J’en discutais également avec l’équipe soignante qui me suivait en 2012-2013 et malgré les désaccords et les conflits que j’ai pu avoir avec certains d’entre eux, on était au moins d’accord sur le fait qu’il était très positif de me voir m’accrocher à ce projet. Avec le recul, je pense qu’Il était une fois a constitué une première étape décisive dans ma guérison. Il m’a permis de sortir de la passivité et ainsi de commencer à entreprendre des choses, peu importe les doutes et ce sentiment persistant d’échec qui me caractérisent et contre lesquels je bataille encore aujourd’hui.

‖ Rester anonyme ou accepter de se dévoiler ? ‖

La blogosphère et les réseaux sociaux, c’est comme la vie de tous les jours. Il y a des gens qu’on connaît mal, qu’on ne sent pas dès le départ, avec qui on ne partage pas d’atomes crochus en dehors de la lecture. Certains avec qui il y a d’office un truc, un brin de folie et d’alchimie, des points communs – dans le caractère ou dans le vécu. Mais il y a aussi des personnes qui jouent un rôle, qu’on met plus ou moins longtemps à percer à jour. On commet soi-même des erreurs, des maladresses. Un smiley mal interprété, des propos parfois pris hors contexte qui font tout remettre en question. Comme toujours avec les interactions sociales, il y a une part de raison et une autre de magie, qui ne s’explique pas. Avec l’expérience et les conséquences de nos erreurs, on apprend à faire la part des choses, à ne pas tout dévoiler au premier venu, mais aussi à repérer les personnes avec qui le premier accrochage ne se termine pas en apocalypse, les personnes assez intelligentes pour accepter leurs torts comme pour vous pardonner les vôtres.

Par contre, je suis très à cheval sur un principe : il est hors de question pour moi de parler d’autre chose que de littérature sur Il était une fois, et il en va de même sur la page facebook attenante. Pour mes coups de gueule, mes angoisses, mes poilus, mes petits bonheurs dans la vie, mes délires, je passe par mon profil personnel pour garder un minimum de contrôle même si je suis consciente d’avoir encore des ratés par moment. C’est aussi pour ça que j’ai choisi de tenir deux blogs. Je n’aime pas la bouillabaisse de thématiques, ça me coupe très rapidement inspiration et motivation. Je suis une maniaque qui cherche toujours à améliorer la mise en page et la clarté du site. Autant je fulmine contre les étiquettes dans la vie, autant j’ai besoin de compartimenter mes actions sur le web.

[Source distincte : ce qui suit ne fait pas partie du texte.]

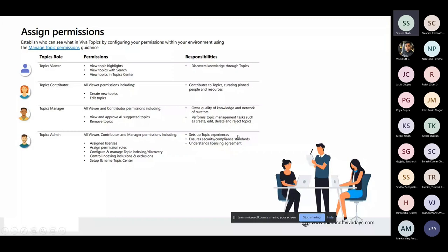Topic roles include: Topic Viewer — users who can view topics; Contributor — SharePoint site contributors who can add content; Manager — essentially your SharePoint admin who can create and manage topics in the Topic Center; and Topic Admin — also your SharePoint admin with full management rights. These role names differ but map closely to standard SharePoint permission roles.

Tout ça pour dire que la vie de blogueur, ce n’est pas simple ! Les frontières sont d’autant plus floues que la plupart du temps, on ne rencontre jamais en « vie réelle » les gens avec qui on échange pourtant au quotidien. D’un autre côté, maintenant que mon cercle social dans cette même « vie réelle » s’agrandit, je suis plus réticente à parler de mes travaux en ligne. J’évoque parfois le fait que je tiens un site littéraire, un instagram, etc. sans pour autant en donner le titre, l’adresse url ou mon pseudonyme.

En bref, même s’il n’y a pas de mode d’emploi à suivre, ni de manuel du parfait blogueur, il y a des réserves à garder : il ne faut pas tout étaler en mode public ni tout raconter au premier voisin de votre rue. Dans le premier cas, on s’expose à des personnes mal intentionnées ou qui ont le jugement facile. Dans le second, on perd un peu de sa liberté d’expression, on se bâillonne de peur que bidule arrive aux oreilles de trucmuche. Pour autant, je ne pense pas qu’il soit possible ni même recommandable de rester complètement anonyme sur la toile, sinon on aurait tous l’air aussi convivial que des éprouvettes tentant de faire ami-ami avec le stérilisateur du laboratoire. Il faut y aller à l’instinct, avancer à tâtons, accepter parfois de tomber et trouver la force de se relever tout en tirant une bonne leçon de ses faux pas.